◆ **WHAT THE TASK REQUIRES**:
Return all of the entries exactly, but do not include the pictures.

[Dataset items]
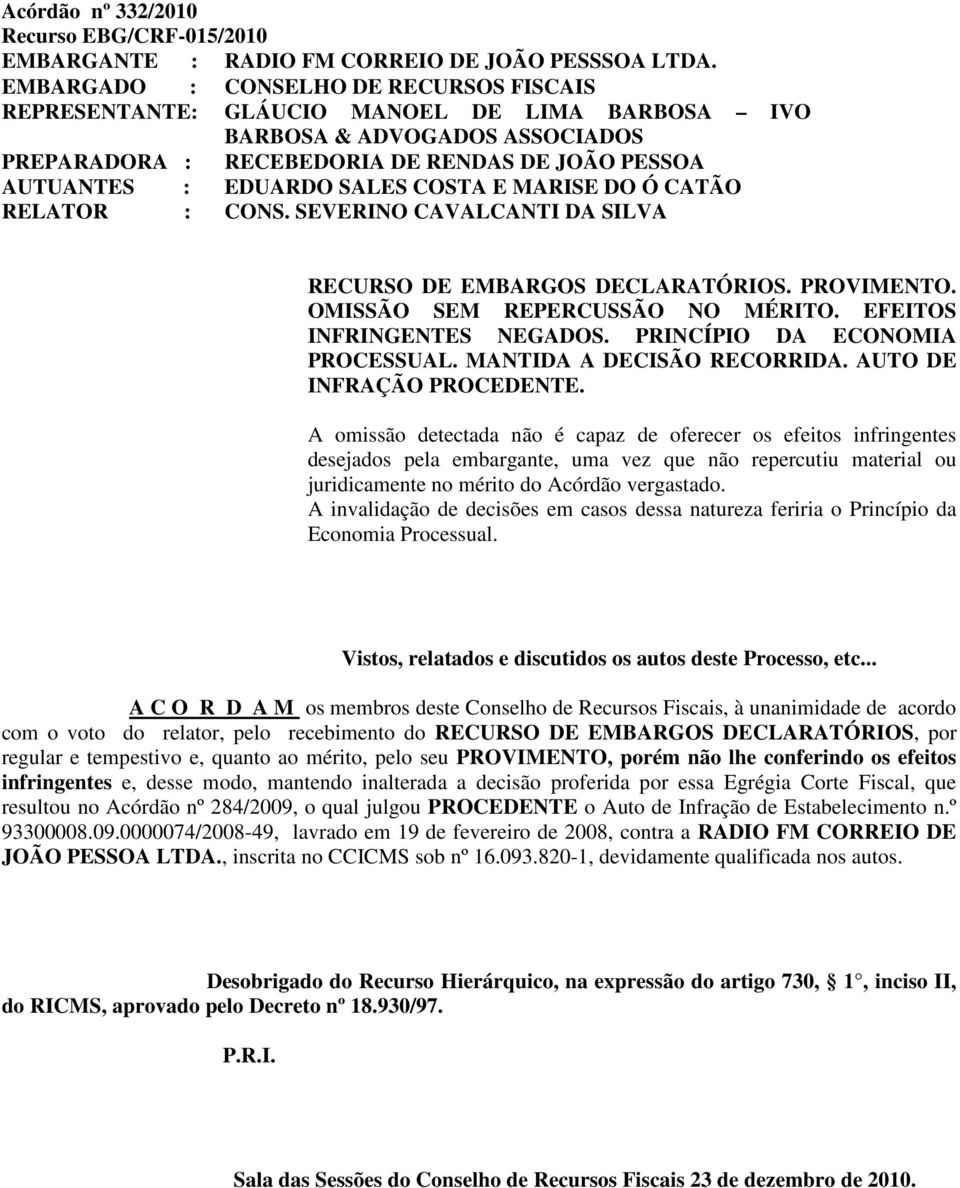 COSTA E MARISE DO Ó CATÃO RELATOR : CONS. SEVERINO CAVALCANTI DA SILVA RECURSO DE EMBARGOS DECLARATÓRIOS. PROVIMENTO. OMISSÃO SEM REPERCUSSÃO NO MÉRITO. EFEITOS INFRINGENTES NEGADOS.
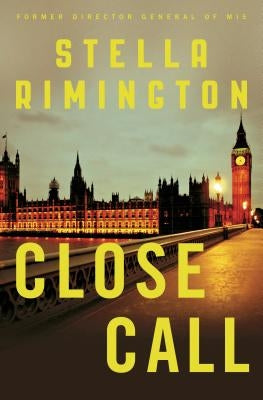 Close Call: A Liz Carlyle Novel by Rimington, Stella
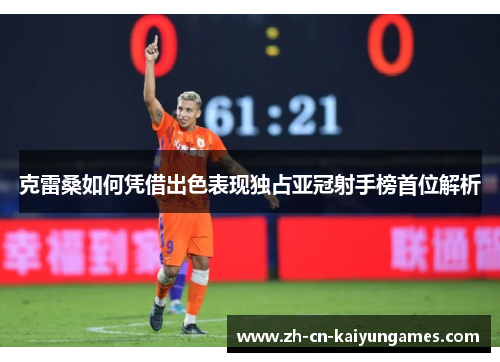 克雷桑如何凭借出色表现独占亚冠射手榜首位解析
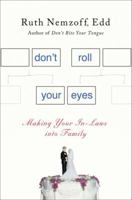 Don't Roll Your Eyes: Making In-Laws into Family 0230338992 Book Cover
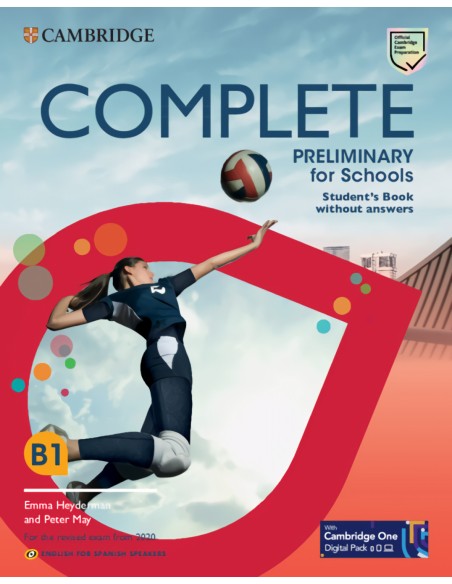 Complete Preliminary for Schools English for Spanish Speakers Student s Book without answers with Digital Pack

◆ **ANSWER SPACE**:
 COSTA E MARISE DO Ó CATÃO RELATOR : CONS. SEVERINO CAVALCANTI DA SILVA RECURSO DE EMBARGOS DECLARATÓRIOS. PROVIMENTO. OMISSÃO SEM REPERCUSSÃO NO MÉRITO. EFEITOS INFRINGENTES NEGADOS.
 Close Call: A Liz Carlyle Novel by Rimington, Stella
 克雷桑如何凭借出色表现独占亚冠射手榜首位解析
 Don't Roll Your Eyes: Making In-Laws into Family 0230338992 Book Cover
 Complete Preliminary for Schools English for Spanish Speakers Student s Book without answers with Digital Pack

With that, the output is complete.